Mind developing why you think this is overkill? After looking at the
kernel implementation I thought using timeline syncobjs would be
pretty cheap compared to the other options I considered.

> 
> > Note that I also considered using a sync file, which has the ability to
> > merge fences, but that required 3 extra ioctls for each syncobj to merge
> > (for the export/merge/import round trip), and AFAICT, fences stay around
> > until the sync file is destroyed, which forces some garbage collection
> > if we want to keep the number of active fences low. One nice thing
> > about the fence-chain/syncobj-timeline logic is that signaled fences
> > are collected automatically when walking the chain.  
> 
> Yeah, that's the pain when working with sync files.  This is one of
> the reasons why our driver takes an arbitrary number of in/out
> syncobjs.
> 
> > > So I'm not sure that you've actually fixed this point - you either need
> > > to force an order (in which case the last job can signal the Vulkan
> > > fence)  
> >
> > That options requires adding deps that do not really exist on the last
> > jobs, so I'm not sure I like it.
> >  
> > > or you still need a dummy job to do the many-to-one dependency.  
> >
> > Yeah, that's what I've considered doing before realizing timelined
> > syncojbs could solve this problem (assuming I got it right :-/).
> >  
> > >
> > > Or I may have completely misunderstood timeline syncobjs - definitely a
> > > possibility :)  
> >
> > I wouldn't pretend I got it right either :-).
> >  
> > >  
> > > > 3/ The current implementation lacks information about BO access,
> > > >     so we serialize all jobs accessing the same set of BOs, even
> > > >     if those jobs might just be reading from them (which can
> > > >     happen concurrently).

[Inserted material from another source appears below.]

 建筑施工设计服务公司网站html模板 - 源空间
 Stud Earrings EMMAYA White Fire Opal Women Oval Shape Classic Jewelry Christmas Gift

Other drivers pass an access type to the
> > > >     list of referenced BOs to address that. Another option would be
> > > >     to disable implicit deps (deps based on BOs) and force the driver
> > > >     to pass all deps explicitly (interestingly, some drivers have
> > > >     both the no-implicit-dep and r/w flags, probably to support
> > > >     sub-resource access, so we might want to add that one too).
> > > >     I don't see any userspace workaround to that problem, so that one
> > > >     alone would justify extending the existing ioctl or adding a new
> > > >     one.  
> > >
> > > Yeah - I think we need this. My only comment is that I think the
> > > read/write terminology may come back to bite. Better to use 'shared' and
> > > 'exclusive' - which better matches the dma_resv_xxx APIs anyway.
> > >
> > > Also the current code completely ignores PANFROST_BO_REF_READ. So either
> > > that should be defined as 0, or even better we support 3 modes:
> > >
> > >   * Exclusive ('write' access)
> > >   * Shared ('read' access)
> > >   * No fence - ensures the BO is mapped, but doesn't add any implicit
> > > fences.
> > >
> > > The last may make sense when doing explicit fences and e.g. doing
> > > front-buffer rendering with a display driver which does implicit fencing.  
> 
> This one's really annoying.  TBH, we've still not gotten it right on
> Intel, AFAICT.  That is roughly the set of modes you need but you'll
> have to watch out for window-system buffers.  RADV and ANV take
> slightly different approaches here and they each have their own
> problems.  On the balance, I'd look at what RADV is doing rather than
> ANV because ANV's results in some over-synchronization every time you
> vkWaitForFences on the WSI fence.  I've got a patch floating round
> somewhere that adds some new kernel API to make that case a bit better
> but it's a snarly mess.  Sorry for being cryptic but it's a 5-page
> e-mail if I type out all the annoying details. (-:

Ok, I'll have a look at the RADV driver.

Thanks for your feedback.

Boris